Plans for a new DLR station halfway between Canning Town and West Silvertown is being revised following a decision to change how it is being funded.

The station, provisionally called Thames Wharf is due to be built in an area that is currently light industrial and brown-field sites but has been earmarked for housing for at least 4,500 new homes. In late 2018, as part of a funding deal that ties transport upgrades to housing construction, the government agreed to a package of upgrades for the DLR, including part-funding a new DLR station at the Thameside West housing development.
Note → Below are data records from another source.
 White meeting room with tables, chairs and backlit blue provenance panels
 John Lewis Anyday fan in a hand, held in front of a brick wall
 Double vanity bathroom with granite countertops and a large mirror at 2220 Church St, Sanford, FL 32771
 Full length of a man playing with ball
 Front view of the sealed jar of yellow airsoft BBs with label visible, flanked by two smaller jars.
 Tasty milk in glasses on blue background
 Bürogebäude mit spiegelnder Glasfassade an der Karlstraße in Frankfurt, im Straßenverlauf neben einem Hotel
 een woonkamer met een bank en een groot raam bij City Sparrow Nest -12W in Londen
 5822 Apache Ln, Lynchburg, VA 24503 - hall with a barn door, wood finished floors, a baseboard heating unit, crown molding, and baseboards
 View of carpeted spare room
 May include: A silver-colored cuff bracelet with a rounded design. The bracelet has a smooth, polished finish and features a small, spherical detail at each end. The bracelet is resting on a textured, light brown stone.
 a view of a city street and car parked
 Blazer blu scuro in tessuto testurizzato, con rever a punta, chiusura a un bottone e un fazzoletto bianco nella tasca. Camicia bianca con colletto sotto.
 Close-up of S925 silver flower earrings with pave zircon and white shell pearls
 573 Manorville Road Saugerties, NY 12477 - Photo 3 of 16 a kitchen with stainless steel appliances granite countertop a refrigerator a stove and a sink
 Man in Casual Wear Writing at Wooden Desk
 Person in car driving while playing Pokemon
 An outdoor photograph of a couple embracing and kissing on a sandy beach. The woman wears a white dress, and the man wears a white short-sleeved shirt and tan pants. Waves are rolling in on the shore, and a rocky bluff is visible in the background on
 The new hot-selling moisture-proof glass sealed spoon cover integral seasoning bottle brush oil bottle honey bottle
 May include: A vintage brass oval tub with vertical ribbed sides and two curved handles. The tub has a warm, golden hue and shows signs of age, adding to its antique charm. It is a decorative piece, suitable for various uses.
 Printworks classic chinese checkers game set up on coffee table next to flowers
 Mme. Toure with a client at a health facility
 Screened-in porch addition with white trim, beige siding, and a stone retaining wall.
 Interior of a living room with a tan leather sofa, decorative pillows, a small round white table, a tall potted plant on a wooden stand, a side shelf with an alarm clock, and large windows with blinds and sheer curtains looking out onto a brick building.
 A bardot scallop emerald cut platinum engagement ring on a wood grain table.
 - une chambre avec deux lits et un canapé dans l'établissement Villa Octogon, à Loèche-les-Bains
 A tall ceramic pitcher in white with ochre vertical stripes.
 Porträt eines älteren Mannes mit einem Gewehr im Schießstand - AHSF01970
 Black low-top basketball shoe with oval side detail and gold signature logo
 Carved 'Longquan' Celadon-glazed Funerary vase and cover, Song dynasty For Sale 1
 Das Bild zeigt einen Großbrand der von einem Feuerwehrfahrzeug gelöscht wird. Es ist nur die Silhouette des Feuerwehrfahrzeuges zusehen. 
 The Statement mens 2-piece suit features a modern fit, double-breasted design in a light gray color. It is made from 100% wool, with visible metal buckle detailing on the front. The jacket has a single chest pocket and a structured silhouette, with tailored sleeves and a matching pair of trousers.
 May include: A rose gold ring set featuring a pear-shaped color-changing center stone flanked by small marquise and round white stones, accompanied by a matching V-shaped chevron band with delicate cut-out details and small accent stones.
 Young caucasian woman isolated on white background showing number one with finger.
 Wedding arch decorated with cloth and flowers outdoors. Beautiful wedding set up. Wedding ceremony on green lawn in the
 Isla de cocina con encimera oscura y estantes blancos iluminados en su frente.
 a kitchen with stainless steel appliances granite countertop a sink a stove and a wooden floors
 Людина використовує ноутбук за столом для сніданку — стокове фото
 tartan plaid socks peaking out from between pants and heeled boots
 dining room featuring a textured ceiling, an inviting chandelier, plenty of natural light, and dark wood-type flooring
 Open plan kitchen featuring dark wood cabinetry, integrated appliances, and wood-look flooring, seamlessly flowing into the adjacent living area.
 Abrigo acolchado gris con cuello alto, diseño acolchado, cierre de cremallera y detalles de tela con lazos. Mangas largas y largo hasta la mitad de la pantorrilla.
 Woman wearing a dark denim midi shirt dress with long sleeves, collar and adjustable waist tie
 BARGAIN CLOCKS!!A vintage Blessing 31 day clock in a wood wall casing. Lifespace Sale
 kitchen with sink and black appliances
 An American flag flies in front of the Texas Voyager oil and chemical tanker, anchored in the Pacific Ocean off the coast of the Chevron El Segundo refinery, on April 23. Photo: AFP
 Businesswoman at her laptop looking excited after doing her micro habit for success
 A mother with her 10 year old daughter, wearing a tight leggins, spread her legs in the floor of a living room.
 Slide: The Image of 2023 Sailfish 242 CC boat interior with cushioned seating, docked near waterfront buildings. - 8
There was a tight spending clause in the agreement though, and the money needed to be spent by March 2023. With the TfL’s funding situation as it is due to the pandemic and with the demand from the government that TfL finds £900 million of cost cuts by March 2022, some transport upgrades are being delayed.

As a result, TfL has now decided not to take up the funding from the Housing Infrastructure Fund (HIF) for the station.

A TfL spokesperson said: “We are still looking at proposals for the Thames Wharf DLR station. We will no longer be pursuing HIF funding, however, we will be looking at alternative ways to fund the station. The next stage of design is proposed to be taken forward as part of the wider Royal Docks Enterprise Zone proposals.”

The station will still need to be built, as it will eventually be required for the housing development, but the decision about how to pay for it has been delayed.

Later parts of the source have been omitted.